:: INFORMATION PROVIDED ::
= Beginning of Section =

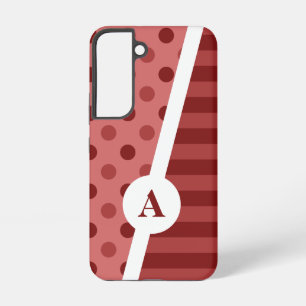 Coque Samsung Galaxy Pastel Red Polka Dot et Motif de bande
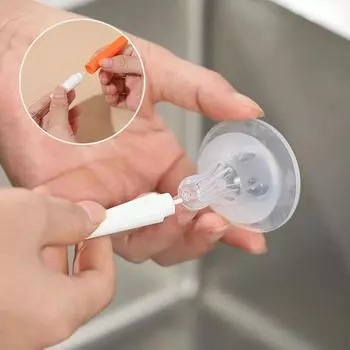 Многофункциональная щетка для мытья соломинок, съемная щетка для детских бутылочек «три в одном», без мертвых углов, зазор между крышкой и тонкой трубкой оранжевый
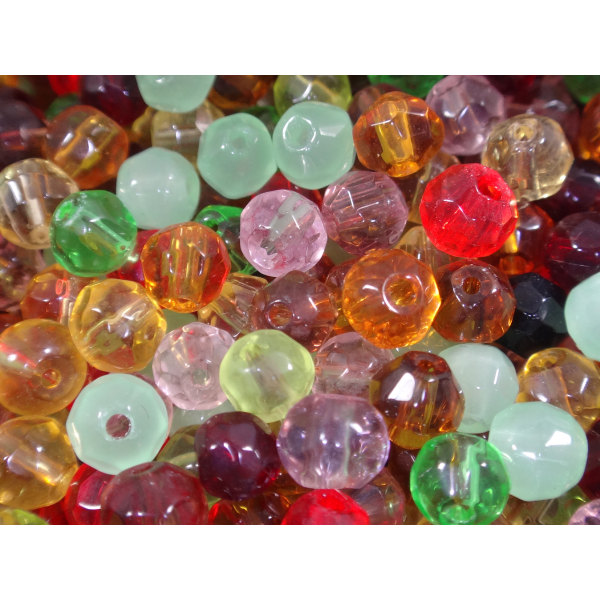 100st Facetterade Glaspärlor 4mm - Blandade Färger flerfärgad 4 mm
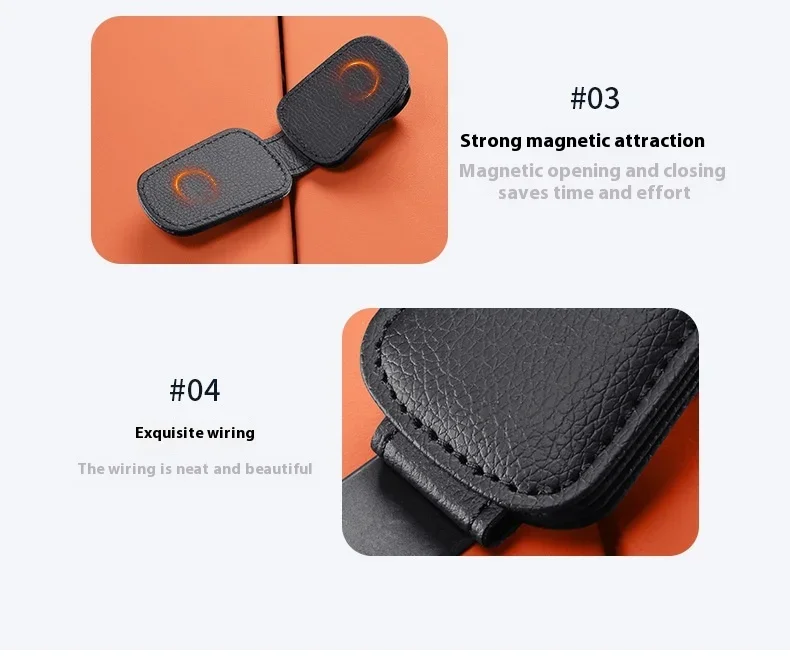 2-teiliger Sonnenbrillenhalter, geeignet für Auto-Sonnenschutz, magnetischer Sonnenbrillenclip aus Leder und Ticketclip, Auto-Sonnenschutz-Zubehör – Detail 18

= End of Section =

:: PROBLEM DESCRIPTION ::
Repeat all of the material above exactly, leaving out pictures.

:: COMPLETED EXERCISE ::
 Coque Samsung Galaxy Pastel Red Polka Dot et Motif de bande
 Многофункциональная щетка для мытья соломинок, съемная щетка для детских бутылочек «три в одном», без мертвых углов, зазор между крышкой и тонкой трубкой оранжевый
 100st Facetterade Glaspärlor 4mm - Blandade Färger flerfärgad 4 mm
 2-teiliger Sonnenbrillenhalter, geeignet für Auto-Sonnenschutz, magnetischer Sonnenbrillenclip aus Leder und Ticketclip, Auto-Sonnenschutz-Zubehör – Detail 18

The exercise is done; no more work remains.